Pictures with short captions
▼
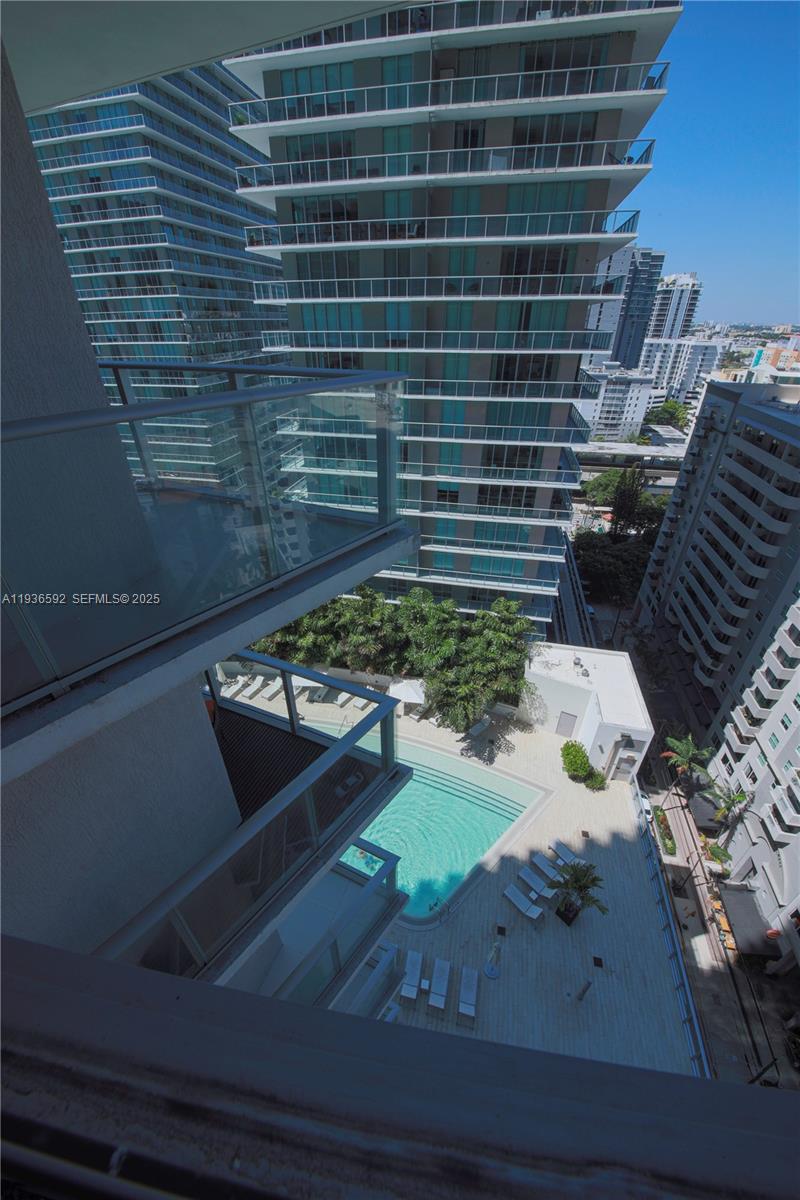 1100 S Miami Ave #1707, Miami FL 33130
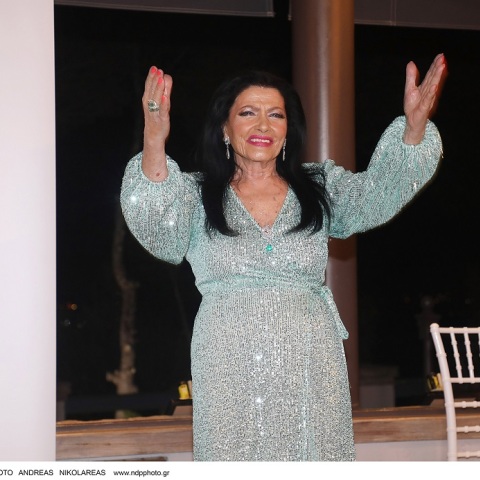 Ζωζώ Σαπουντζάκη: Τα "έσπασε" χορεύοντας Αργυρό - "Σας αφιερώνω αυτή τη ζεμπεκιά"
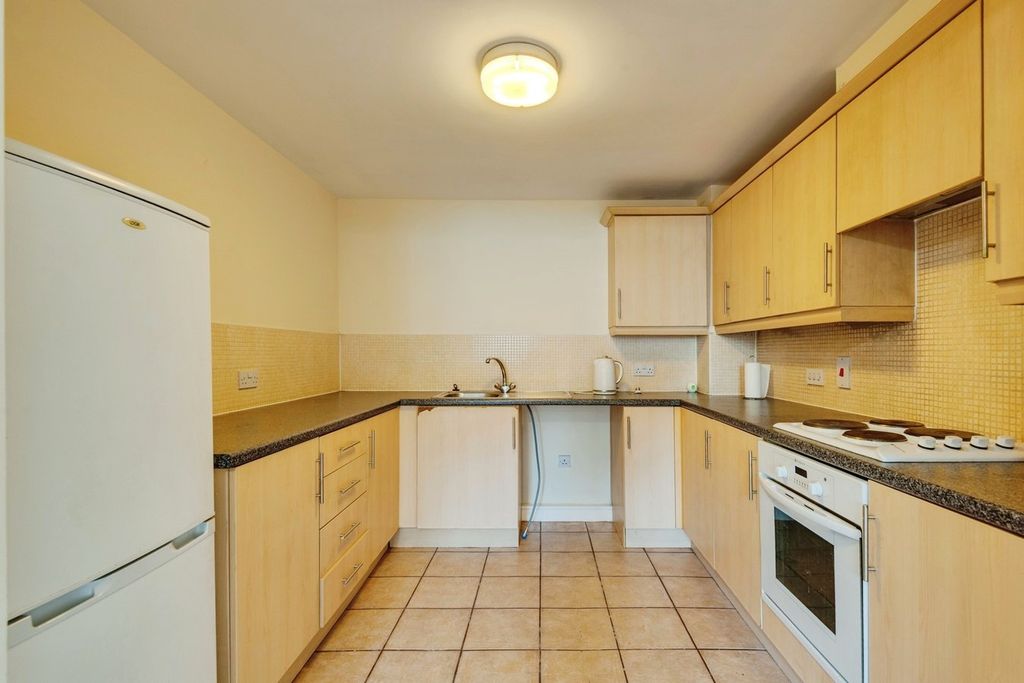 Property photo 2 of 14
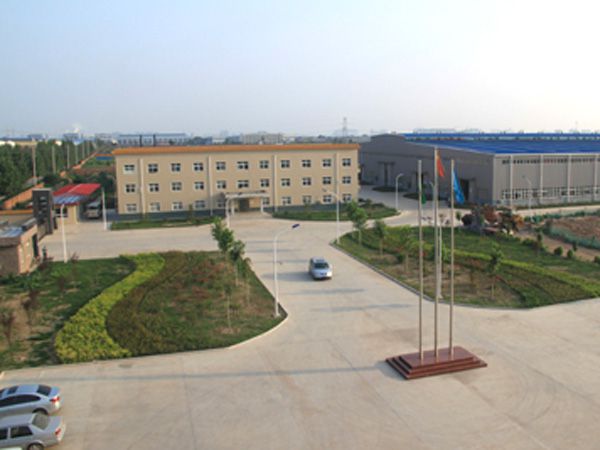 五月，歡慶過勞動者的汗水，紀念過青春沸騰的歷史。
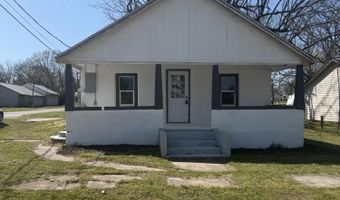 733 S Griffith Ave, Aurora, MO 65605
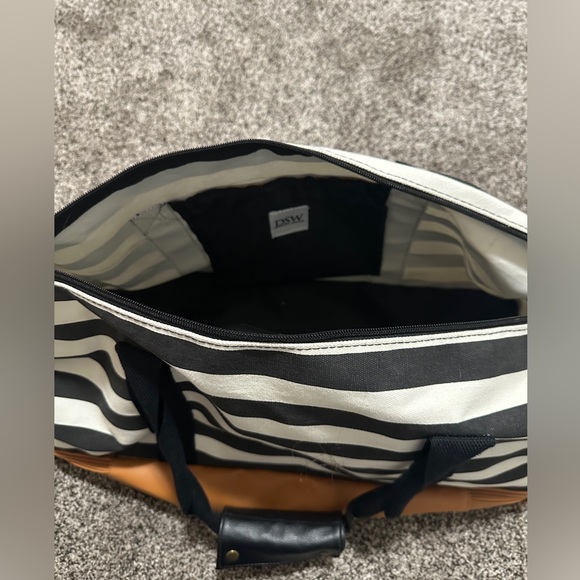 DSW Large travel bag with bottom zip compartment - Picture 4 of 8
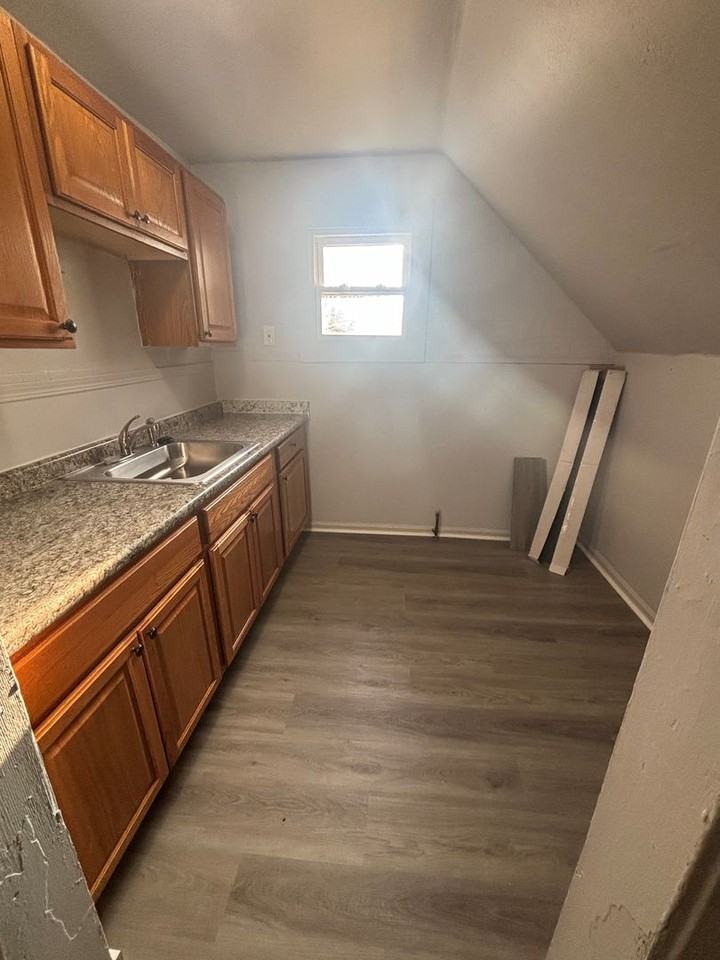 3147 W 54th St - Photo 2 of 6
▲
**PROBLEM TO SOLVE:** An exact reproduction of the data is required, with pictures excluded.

**YOUR RESPONSE:**
 1100 S Miami Ave #1707, Miami FL 33130
 Ζωζώ Σαπουντζάκη: Τα "έσπασε" χορεύοντας Αργυρό - "Σας αφιερώνω αυτή τη ζεμπεκιά"
 Property photo 2 of 14
 五月，歡慶過勞動者的汗水，紀念過青春沸騰的歷史。
 733 S Griffith Ave, Aurora, MO 65605
 DSW Large travel bag with bottom zip compartment - Picture 4 of 8
 3147 W 54th St - Photo 2 of 6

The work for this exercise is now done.